Nondita Mason, English Professor
Nondita Mason, a retired professor of postcolonial literature and theory at Hunter College, died on Sept. 25 at her Manhattan apartment, one day after returning from a 23-day trip to Italy, Greece, and Turkey with her husband, Bryant Mason.
The couple had climbed the Acropolis and visited the Parthenon in Athens; cruised to Santorini, Rhodes, Patmos, Mykonos, and Limnos; heard classical music at an illuminated Greek amphitheater at Ephesus in Turkey; toured Istanbul, and visited the Coliseum and the Vatican in Rome.
The cause was long-term complications of bronchiectasis, a disease for which there is no cure. “After 15 years of suffering with this disease, she simply ran out of energy,” her husband wrote. She was 73.
Ms. Mason began her tenure with Hunter College’s English department in 1980, and regularly taught a course on V.S. Naipaul, the focus of her doctoral dissertation at New York University. She served on the college’s sexual harassment investigation panel in 1995 and retired in 2008.
Her husband described her as “a private person and a consummate communicator in her daily life” who loved people. “She was radiant with energy when preparing for and engaging with students in her classrooms.” She always took note when students were “full of questions and surprises,” but was firm when they did not live up to expectations, her husband said. She strived to inspire them to weave their perspectives with accurate information and “logically progressive thoughts.”
In announcing her death to faculty, the English department called her a “superb teacher, a valued mentor to junior colleagues, and an inspiring colleague,” Mr.

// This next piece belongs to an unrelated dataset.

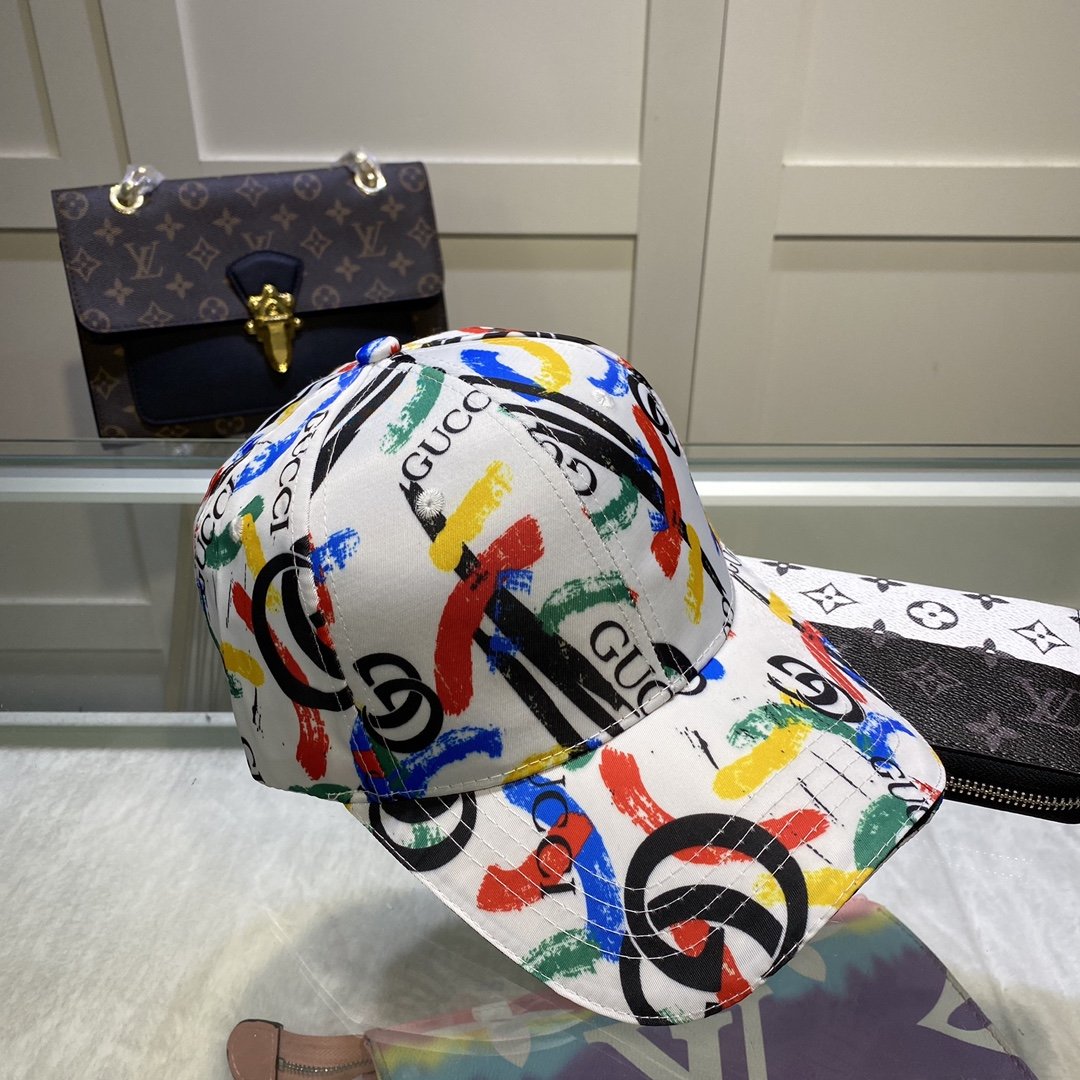Gucci Canvas Baseball Cap Multiple Color - Soul Replicas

Mason said. She brought compassion, intelligence, and insight to everything she did at the college, her colleagues said.
The Masons met in India in 1967 and married the following year after Mr. Mason had completed two years in the Peace Corps. They lived in Manhattan and on Atlantic Avenue in Amagansett.
“Nondita appreciated the ever-changing light facets as they played across East End clouds and landscapes,” her husband said.
Ms. Mason was born in Kolkata, India, on Aug. 13, 1942, to Hari Pada and Suniti Chadhury. She grew up there, attending Presidency College, where she earned a master’s degree in English.
“She possessed a gentle, gracious spirit and a calm, regal bearing,” her husband said. “Living with her and exploring life for 47 years was such an oasis of kindness and grace amidst the relentlessness of college and life.” She was passionate in her opinions, but “she didn’t want me to do things her way,” he said. “She wanted me to do them the right way.”
She had a keen sense of justice and was a consummate follower of current events who rarely missed a broadcast of Amy Goodman’s “Democracy Now,” checked The Guardian newspaper online, and loved to read The New Yorker and The New York Review of Books, her husband said.
Ms. Mason also enjoyed cooking and loved the challenge of a new recipe. “Then, after guests had filled their plates, she found more enjoyment sitting across from interesting people who stated their opinions and talked passionately about issues that matter,” Mr. Mason said.
In addition to her husband, she is survived by a sister, Amita Samanta of Kolkata, and three brothers, Prodip Chaudhury of Washington, D.C., Sanat Chaudhury of Heidelberg, Germany, and Dilip Kumar Chaudhury of Kolkata.
Her ashes will be spread at the Ganges River in India.
A memorial service is being planned for Dec. 6.